The infrastructure cost of fixing this is real — impression logging at scale is not free, joining recommendation logs with engagement logs requires deliberate data engineering, and computing avoid lists for hundreds of millions of users requires a proper batch pipeline. But the alternative is a system that is constitutionally incapable of learning what people don't want, which means it will keep recommending it, which means people will keep leaving.

💡 Insight

The best recommendation systems are not the ones with the most sophisticated ranking models. They're the ones that have the most complete picture of what users actually want — and the architectures that enable that completeness treat silence as data, not as the absence of data.

Bottom Line

Your recommendations are a selection function. Right now, you're selecting from the full content space with a positive-signal-only preference model. That's like choosing a restaurant for someone by learning their favourite cuisines but never learning their allergies.
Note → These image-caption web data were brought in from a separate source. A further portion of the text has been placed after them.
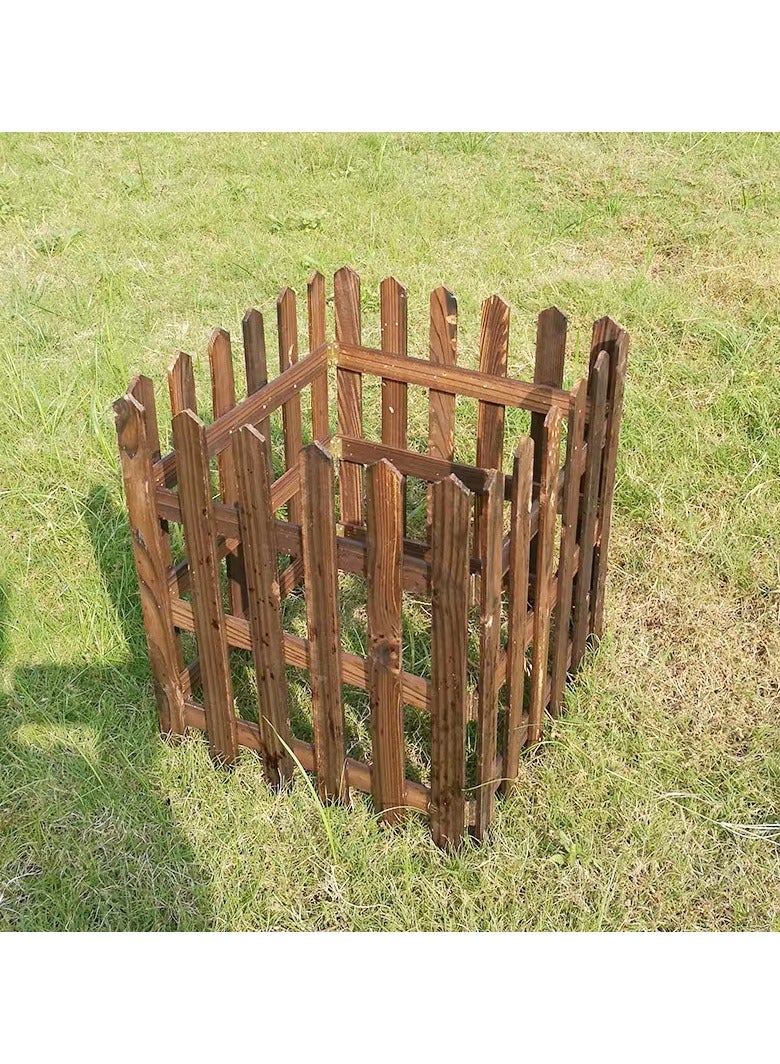 Wooden Picket Fence Interlocking Garden Edging Border Brown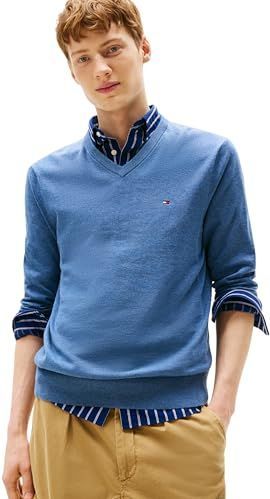 Tommy Hilfiger - ESSENTIAL COTTON V NECK - Gebreide Trui - Petrol Blue Heather - Lange Mouwen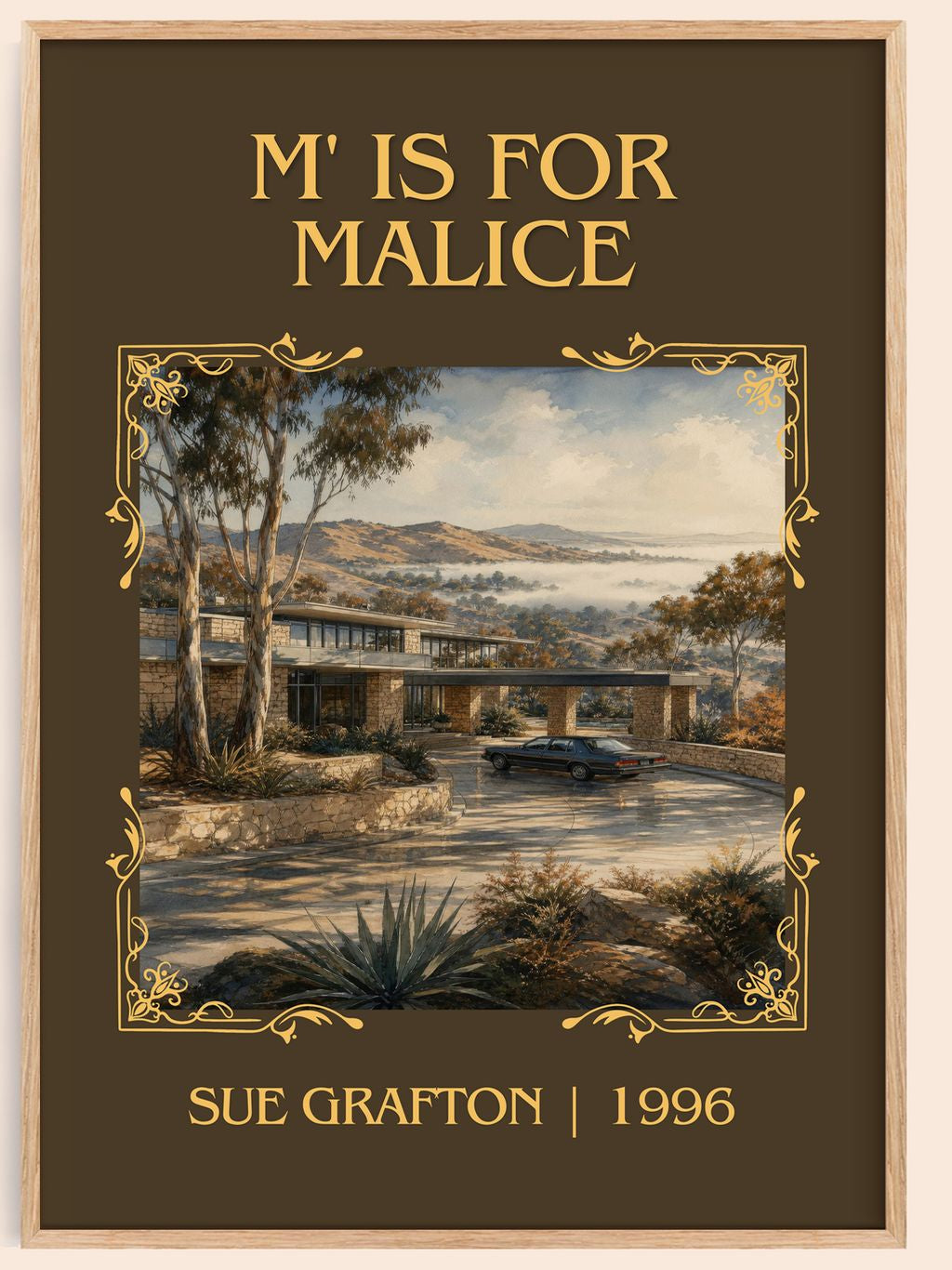 M' Is for Malice Classic Book Art Print by Sue Grafton – book poster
Add the signal types: abandonment (60s threshold, per category), one-and-done (join your recommendation log to your engagement log, it's the most important join you're not doing), exposed-not-engaged (which requires actual impression logging, so start there), duration caps (per-user, model it, store it), and avoid signals (pre-compute them, cache them, filter on them upstream of ranking).

Weight them with recency decay, confidence tiers, and a soft-constraint approach that preserves discovery. Start conservative — one abandonment is noise, fifteen is signal. Tune from observation.

And for the love of everything, log your impressions. Without that, you're not building a negative signal system. You're building a guess.